A patron at a Cuban café in Key West attempts to feed a chicken a plantain on a fork.

This small café, tucked behind the Smallest Bar in Key West, was a chicken paradise. We settled into a small outdoor table and were entertained by chickens as we awaited our lunch.  One cocky rooster with huge spurs was begging for handouts from the table next to us, and the patron there was holding a fork with a whole cooked plantain, poking it into the bird’s face.  Chickens peck at food—they don’t grab entire chunks like this in their beaks but the diner was determined.  Meanwhile in a small patch of dirt nearby a hen with three chicks was scraping up a hole for her brood, that soon crawled in underneath her, hidden from sight.  When the diner with the plantain left I gave the rooster more of what he was looking for:  rice and beans and crumbled corn chips.  Soon the hen and her chickens came over too to eat this feast.  It was all very fun, but unsanitary I am certain. And their restroom was unsanitary to the max too, but that’s another story.

Elsewhere in the Keys chickens were roaming too.  In one convenience store parking lot I photographed a couple of “free range” chickens posing right in front of a fried chicken sign—if only they knew. And even our place at the Ragged Edge was full of chickens that greeted us when we returned for the day, and begged at our screened-in porch door for handouts too.  I kept some leftovers in the refrigerator to share with them as well.

With all these chickens around I got curious and did a stint of Googling to find out more. There has been a long running controversy, in Key West especially, about the loose chickens. Loose chickens here apparently originated from backyard chickens that were released, and others came from released fighting cocks when these fights became illegal. Over the years the loose population expanded, helped along by the many chicken-lovers who fed and encouraged them.

Two free-ranging chickens parade in a convenience store parking lot in front of a fried chicken sign.

Like most everything else these days the feelings about chickens are very polarized here.  Some people love them for their cuteness and spirit; others detest them for the noise and waste they spread through the city. Cultural chicken wars ensued. But in January 2021 the Key West City Commission sided with the chicken detractors and made feeding roaming chickens illegal, not that this stopped anyone in the Cuban café we visited that lunchtime.

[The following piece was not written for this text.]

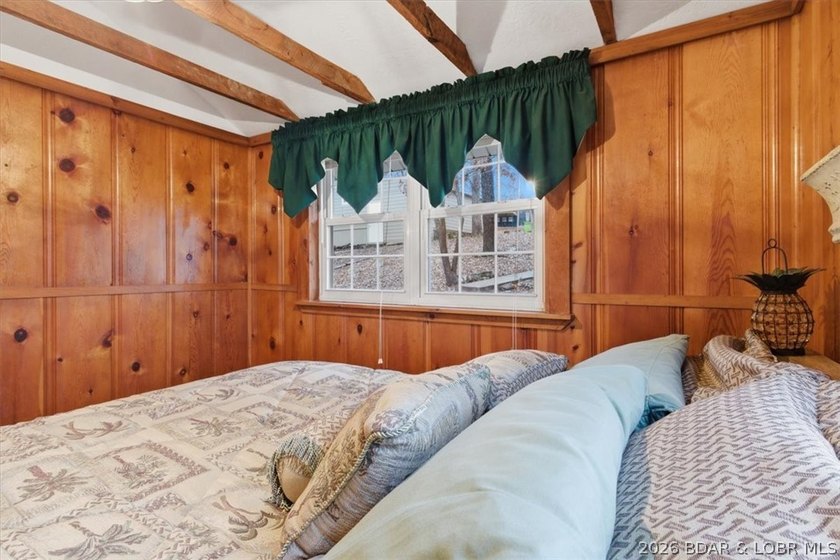 Discover this unique 2-bedroom, 1-bath lakefront cabin offering - photo 24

Now there is another solution to the chicken problem. The Key West Wildlife Center provides traps for those who want to remove the chickens from their area. The center then cares for the chickens, makes sure they are healthy and then what? Don’t they get overrun with captive chickens? What do they do with them?  Does someone eat them or what? Humane advocates are watching closely and even they seem happy with the solution.

It turns out that chickens are a blessing for organic gardeners, and these healthy chickens are given to farmers that take care of them and let them roam in man-made tunnels in between the rows of vegetables where the chickens can spend their days eating bugs and weeds that plague the crops.  Looking this up online I’ve found that there are many types of chicken “chunnels” that can be purchased, and many designs for those who want to make their own. Who would have guessed?

There are also “chickens of the trees” in the Keys, another name for the green iguanas that have settled into the Keys for the long haul. And, as the name implies, some say these pest iguanas “taste like chicken”.  Stay tuned to hear more about this in next week’s story.

Pat Foster-Turley is a zoologist on Amelia Island.  She welcomes your nature questions and observations.  [email protected]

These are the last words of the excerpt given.